■ AVAILABLE RECORDS:
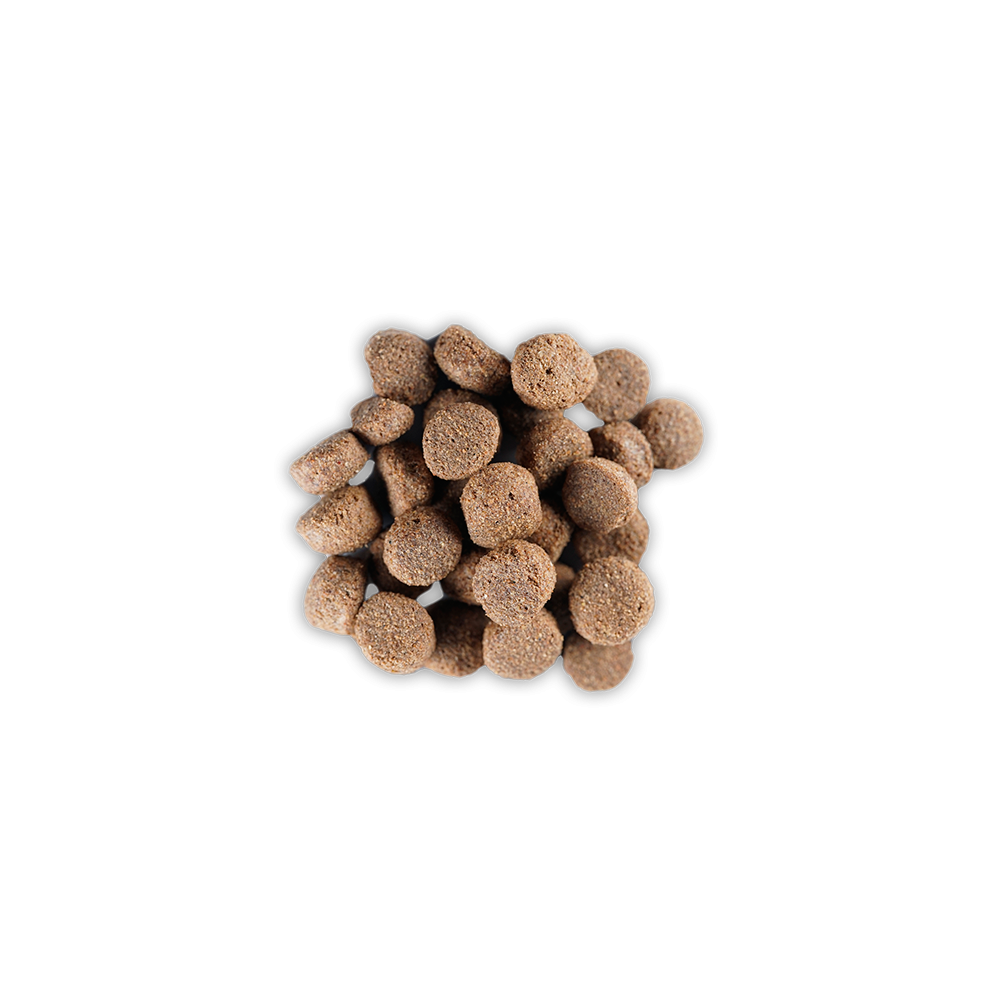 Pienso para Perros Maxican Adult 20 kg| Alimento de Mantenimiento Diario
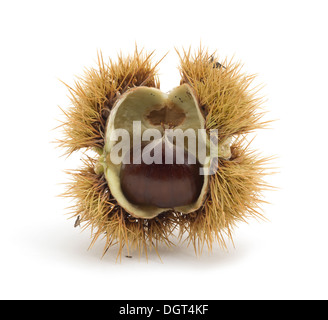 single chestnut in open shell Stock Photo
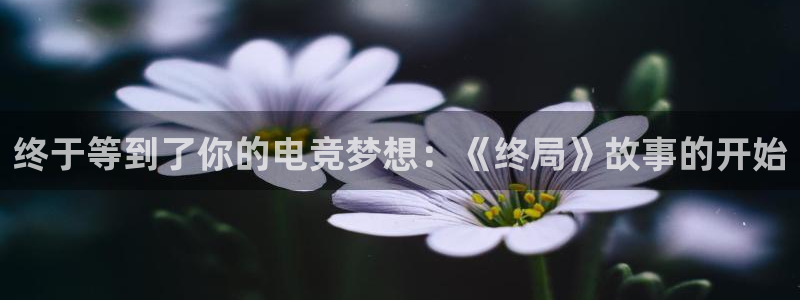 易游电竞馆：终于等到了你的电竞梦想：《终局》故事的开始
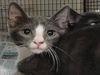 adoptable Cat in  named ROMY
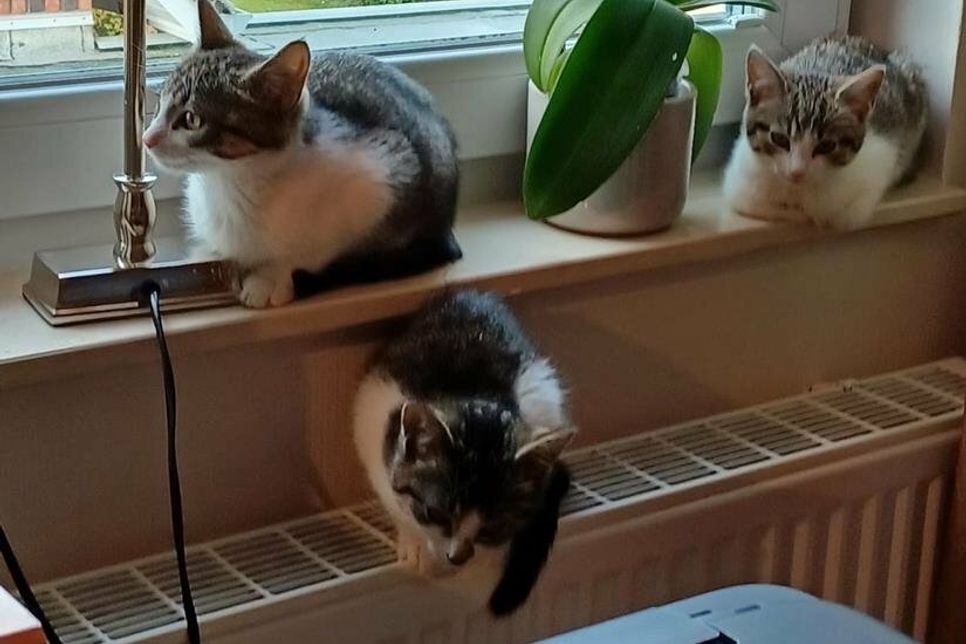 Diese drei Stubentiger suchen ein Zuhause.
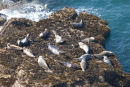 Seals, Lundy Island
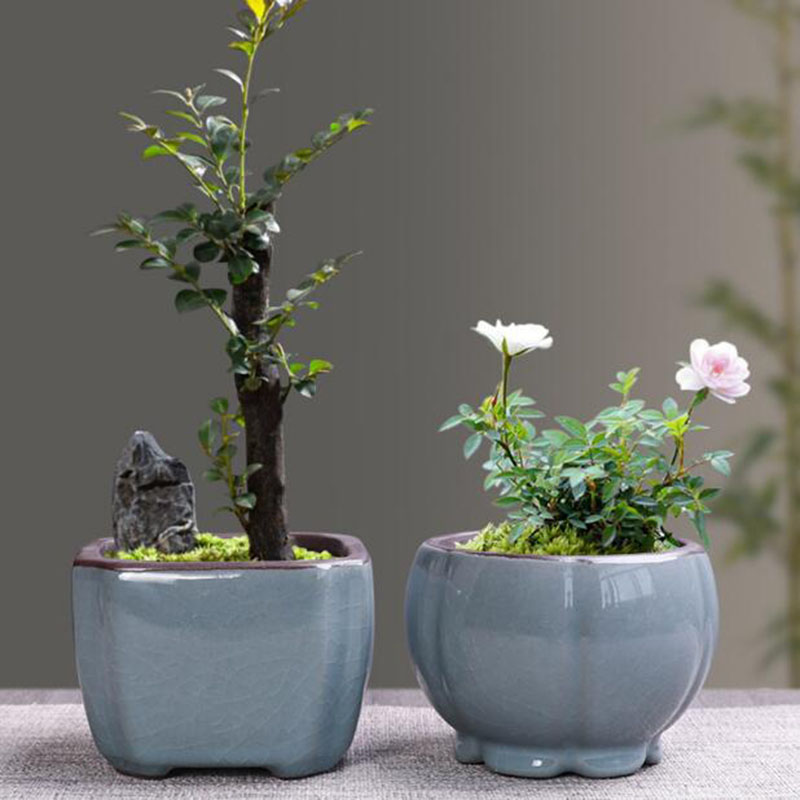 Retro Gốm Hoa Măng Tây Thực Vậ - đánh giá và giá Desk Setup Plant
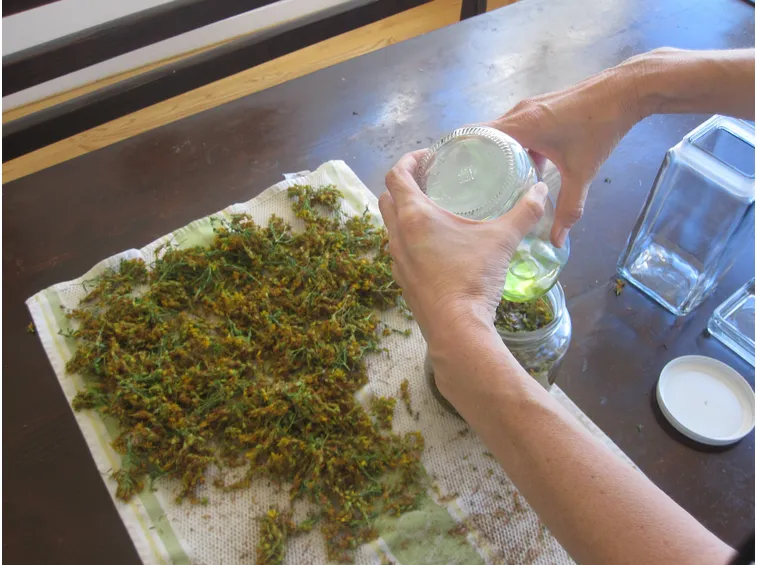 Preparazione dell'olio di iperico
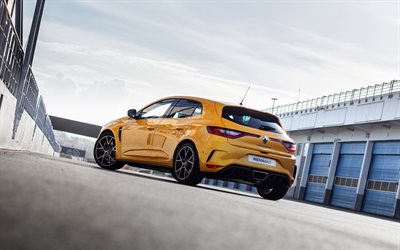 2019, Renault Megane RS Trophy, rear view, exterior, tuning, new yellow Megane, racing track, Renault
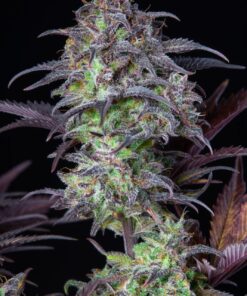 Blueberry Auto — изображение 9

■ PROBLEM TO SOLVE: Set down word for word each line from the one containing "2019, Renault Megane" through the end of the material, and keep the pictures out of it.

■ ANSWER:
 2019, Renault Megane RS Trophy, rear view, exterior, tuning, new yellow Megane, racing track, Renault
 Blueberry Auto — изображение 9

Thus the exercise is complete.